Introduction
Trading success relies on a combination of strategic planning, psychological readiness, and consistent execution. This article outlines key elements to improve your trading performance, focusing on using checklists, understanding position quality, optimizing sizing, and recognizing market conditions.
The Power of Checklists
Implementing a checklist system can significantly enhance your trading process:
- Pre-Trade Checklist: Before entering a trade, use a fresh checklist to document trade details.
- End-of-Day Review: Prioritize a daily review by analyzing each trade recorded on your checklists.
- Pattern Recognition: Regular use of checklists helps identify patterns leading to good and bad trading decisions.
After a review, make a list of focus points.
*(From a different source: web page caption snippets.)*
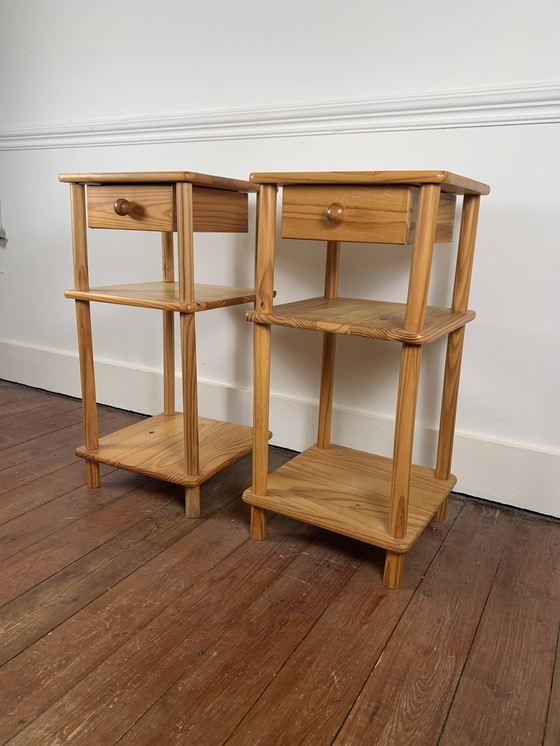 Image 1 of Pair Of Pine Bedside Tables, Circa 1980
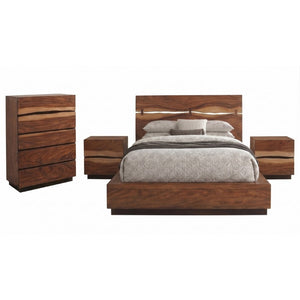 English Elm Winston Smokey Walnut Platform Bedroom Set with Live Edge Organic Artisan Craftsmanship B2777S00779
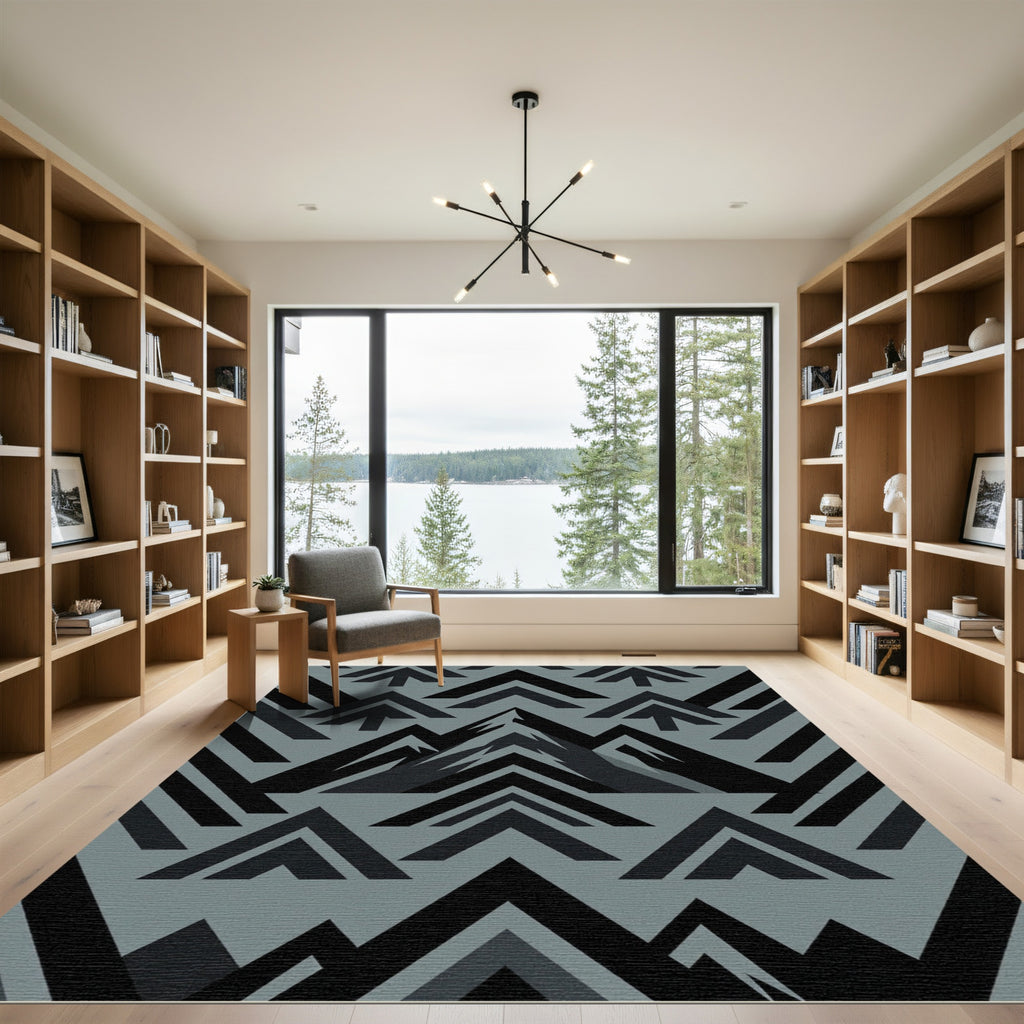 Dark Gray Geometric Mountain Peaks Rug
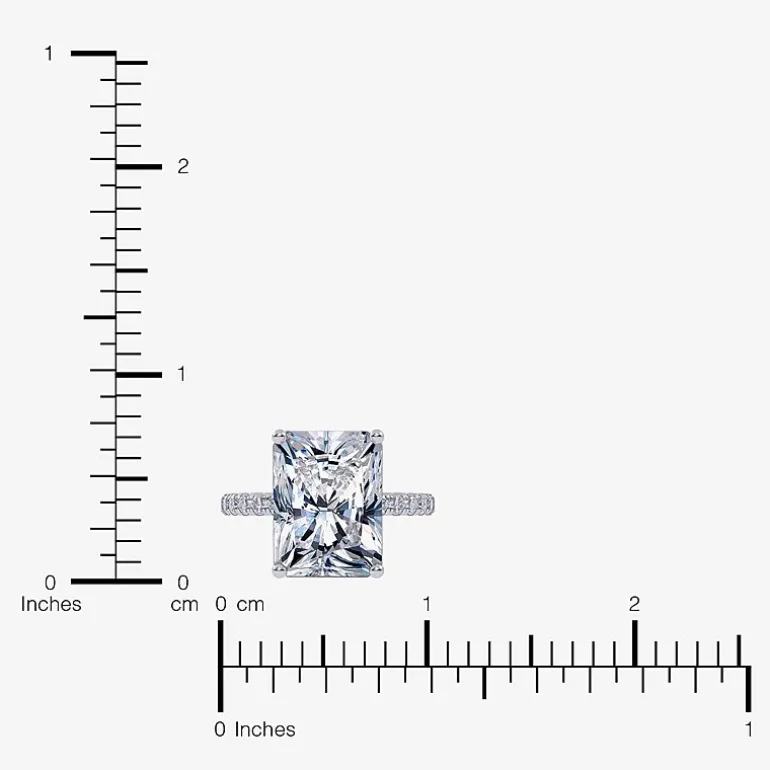 (F-G /Vs2-Si1) Womens 2 1/4 CT. T.W. Lab Grown White Diamond 14K Gold Rectangular Side Stone Engagement Ring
If you’re over-trading, set a “one trade a day” rule for the week. If you’re taking big losses and small wins, set a rule to only enter 6R+ A+ setups. ONLY enter those. This is how you change your behaviour. One small tweak at a time.
Rating Position Quality
Position quality is better understood as “entry signal count” or signal confluence:
- A++ Trades: These have the highest confluence, potentially with 6 or more aligned signals.
- Signal Importance: High-quality trades often have minimal drawdown and allow for larger position sizing.
- Missed Opportunities: Recognizing high-quality setups is crucial. A recent example showed a near-perfect trade that yielded +0.5% in 20-30 minutes but could have been sized much larger for potentially 5-10%+ gains.
Sizing for Position Quality
Position sizing should reflect the quality of the setup:
- Psychological Readiness: Essential for correctly sizing high-quality positions.
- Exponential Betting: Increase size exponentially with position quality.
- Risk Management: High-quality positions should offer significant account growth potential with tightly controlled risk.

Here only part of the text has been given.